Three influential cards have always played well in Pakistan’s political arena: Sunni Islam, the army and patriotism. Being a Sunni Muslim makes you powerful and provides a deep sense of being an extraordinary Pakistani. You can evade taxes, steal electricity from a neighbor, raise the price of food during the Muslim festival of Ramadan, throw garbage in the street (especially during Eid), block roads or even vandalize your fellow Pakistani’s property in protest against Koran desecration in Europe. Pakistani Christians often suffer at the hands of their fellow Pakistanis whenever an anti-Islamist incident occurs in Europe. The attack Wednesday on a predominantly Christian area in Faisalabad was triggered by religious zealots accusing a local Christian family of desecrating the Koran). It doesn’t matter at all. You will still be considered a good Muslim.

Aligning with the military or having close ties to it naturally makes you a hardcore Pakistani and staunch opponent of Pakistan’s arch-rival India, Hindus and Jews. Pakistani school textbooks depict India, Hindus, Jews and the West as enemies of Pakistan and Islam. Regardless of the country’s weak economy and reliance on the International Monetary Fund even today. If you’re pro-army, it doesn’t matter whether you keep unlicensed weapons, engage in smuggling, corruption, tax evasion or mistreat your neighbors.

What it means to be a patriotic Pakistani

However, to be considered a true patriotic Pakistani, one must not only discredit the country’s vulnerable communities, particularly religious or ethnic minorities struggling for their fundamental rights but must also have deep respect for the other two powerful forces: the army and Sunni Islam.

Pakistan was apparently established based on the two-nation theory, which supported dividing United India into Pakistan and India officially based on the ideology of Islam and Hinduism. But who would have thought this complex South Asian nation of 230 million people would one day ideologically be divided into dozens of ideologies based on ethnic and religious grounds?

In fact, divisions were seen soon after the partition. After the country’s emergence in August 1947, for many years, politicians, scholars and intellectuals fought whether Pakistan’s founding father, Muhammad Ali Jinnah, was secular or not. The supporters of Islamization argue that Pakistan was founded as a Muslim state and that Jinnah wanted a purely Islamic State. Others insist that Jinnah wanted an independent state with quality education, gender equality and equal rights for minorities, but not a secular state.

Country’s history and Islam

The roots of Islamization became evident soon after Pakistan emerged when Jogendra Nath Mandal, Jinnah’s minister of law and labor, resigned. He died as a refugee in West Bengal after leaving the Pakistani Cabinet on October 8, 1950, three years after Pakistan’s birth.

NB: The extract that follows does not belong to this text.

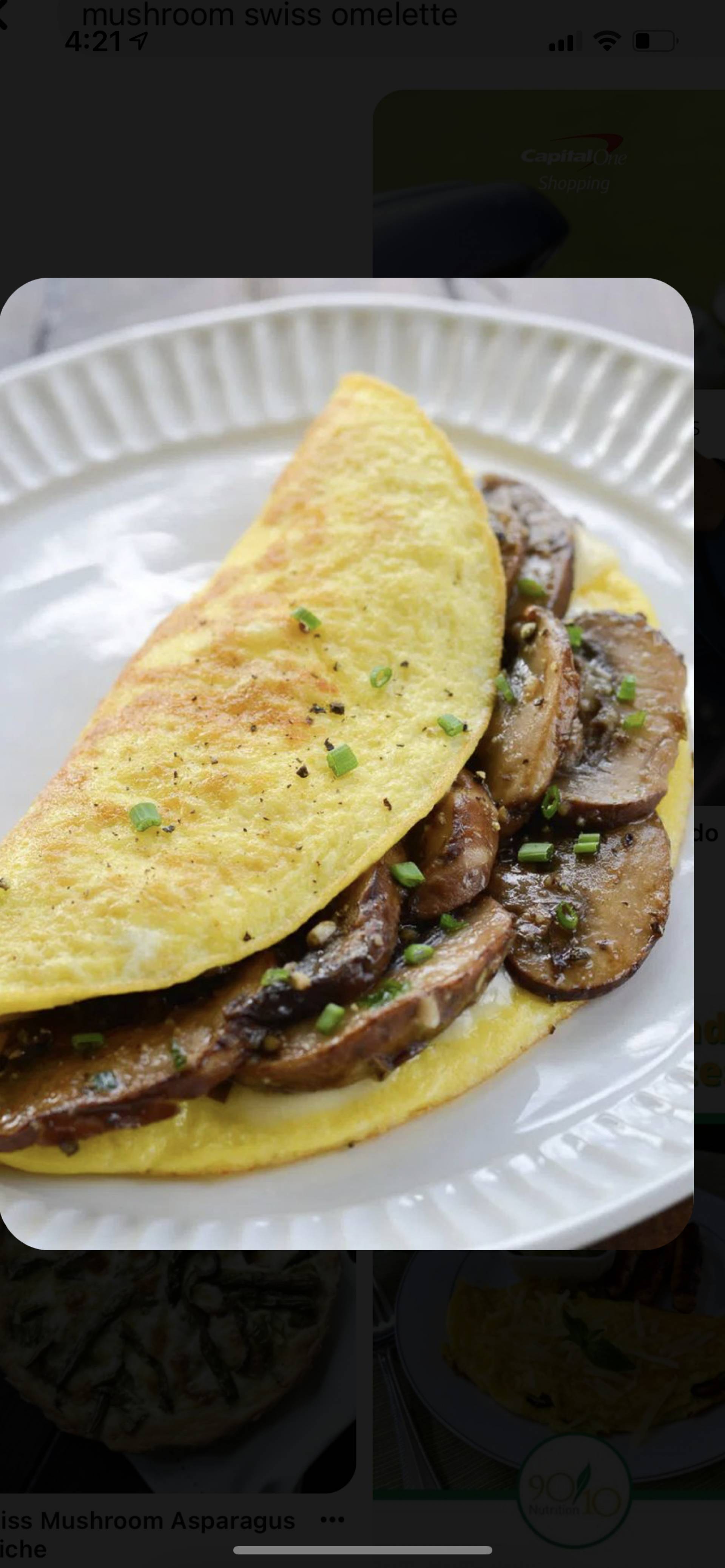 Mushroom Swiss Omelette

His resignation letter to the then-Prime Minister of Pakistan said it is all about the atrocities and discrimination Hindu minorities faced within three years of the country’s formation.

Some may argue that Jinnah aimed for a secular Pakistan due to his appointment of Jogendra Nath Mandal, a Hindu as the first law minister. However, on October 30, 1947, merely three months after Pakistan’s independence, Jinnah addressed a crowd at Lahore’s University Stadium. He said the following:

“Take inspiration and guidance from Holy Koran, the final victory will be ours. You have to develop the spirit of Mujahids [those engaged in Jihad]. All I require of you is that everyone be prepared to sacrifice all, if necessary, in building Pakistan as a bulwark of Islam.”

He reiterated similar views on July 1, 1948, during the inauguration of the State Bank of Pakistan. Criticizing the Western economic system, he suggested an Islamic economic framework for the country. Muhammad Ali Jinnah’s desire for a Muslim State can be traced back to an event involving Ghazi Ilm-Deen, who had become a symbol of martyrdom in Pakistan’s eastern city, Lahore, an ornately adorned enclosure in the heart of the city’s main graveyard stands in memory of Ilm-Deen, who the colonial government hanged.

The incident occurred in 1929, when Ilm-Deen, deeply offended by the blasphemous content of the book “Rangeela Rasool,” violently attacked its Lahore-based publisher with a knife. The book sparked outrage among many Muslims due to its portrayal of the prophet Muhammad.

As a lawyer, Jinnah, who later founded Pakistan after 18 years, travelled all the way from Mumbai (then known as Bombay) to Lahore to defend Ilm-Deen in his appeal hearing. Despite Jinnah’s efforts, Ilm-Deen was hanged by British rulers.

Ilm-Deen’s funeral drew a massive crowd of tens of thousands, including prominent figures like Muhammad Iqbal, Pakistan’s national poet, who delivered a moving eulogy at the graveside. This tragic incident left an indelible mark on the collective consciousness of today’s Pakistan, contributing to the deep-rooted aspiration for a separate Muslim state, which Jinnah would later champion.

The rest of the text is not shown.